Electrochemical lithium-ion battery models have drawn considerable research attention as alternative exper-imental approaches to elucidate the internal mechanisms and physical properties of lithium-ion batteries. To obtain such useful models, accurate parameter estimation is an essential prerequisite, although it is challenging because of their complexity. Metaheuristics-based parameter estimation methods have been suggested individ-ually in this regard. To achieve more accurate parameter estimation, this study provides a systematic guide for strategically switching to an appropriate metaheuristic. First, we identify objective functions that are beneficial to each metaheuristic. Thus, ten baseline functions suitable for specific metaheuristics are selected, and learned by a convolutional neural network (CNN). From the sample particles collected up to present, the designed CNN provides the most similar baseline function and then recommends the corresponding proper metaheuristic.

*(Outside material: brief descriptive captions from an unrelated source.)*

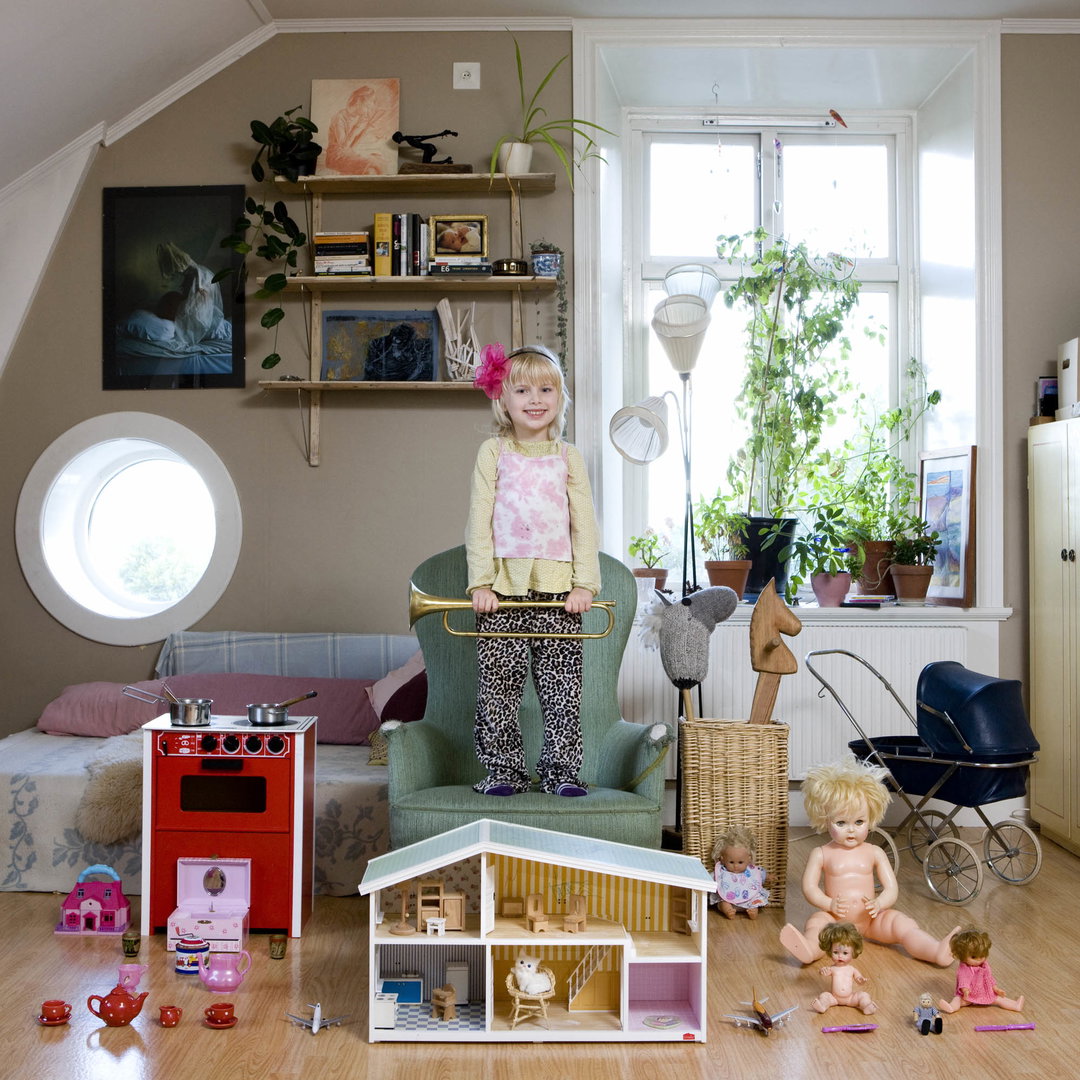 gabriele-galimberti-toy-stories-features-photography-itsnicethat-13.jpg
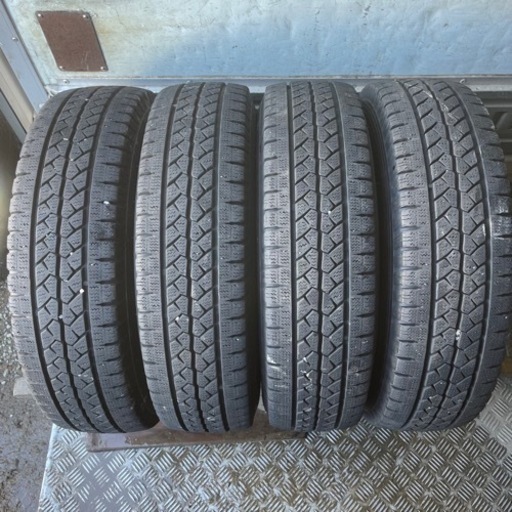 BRIDGESTONE ブリヂストン　ブリジストン　VL1 195/80R15 107/105L LT スタッドレス　タイヤ　2019年製　15インチ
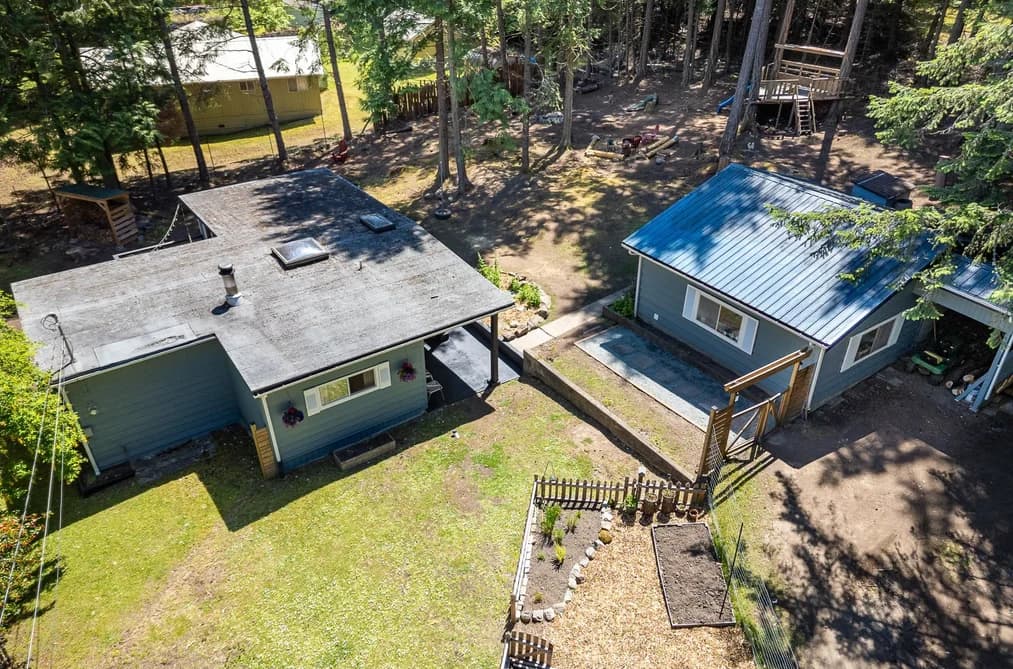 531 ARBUTUS DRIVE, Mayne Island, BC — Residential for Sale - Main Photo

To escape from local optima and deliver a better solution, particle resampling and metaheuristic suitability tests are also performed if the current metaheuristic does not significantly improve within the prescribed iteration. Compared with average results over five runs of each metaheuristic, experimental data demonstrate that the proposed strategically switched metaheuristics (SSM) reduces the difference between experimental and simulated voltage responses by more than half. Additionally, the SSM estimates the external short circuit resistance with a 3 % error using the internal short circuit (ISC) built-in model.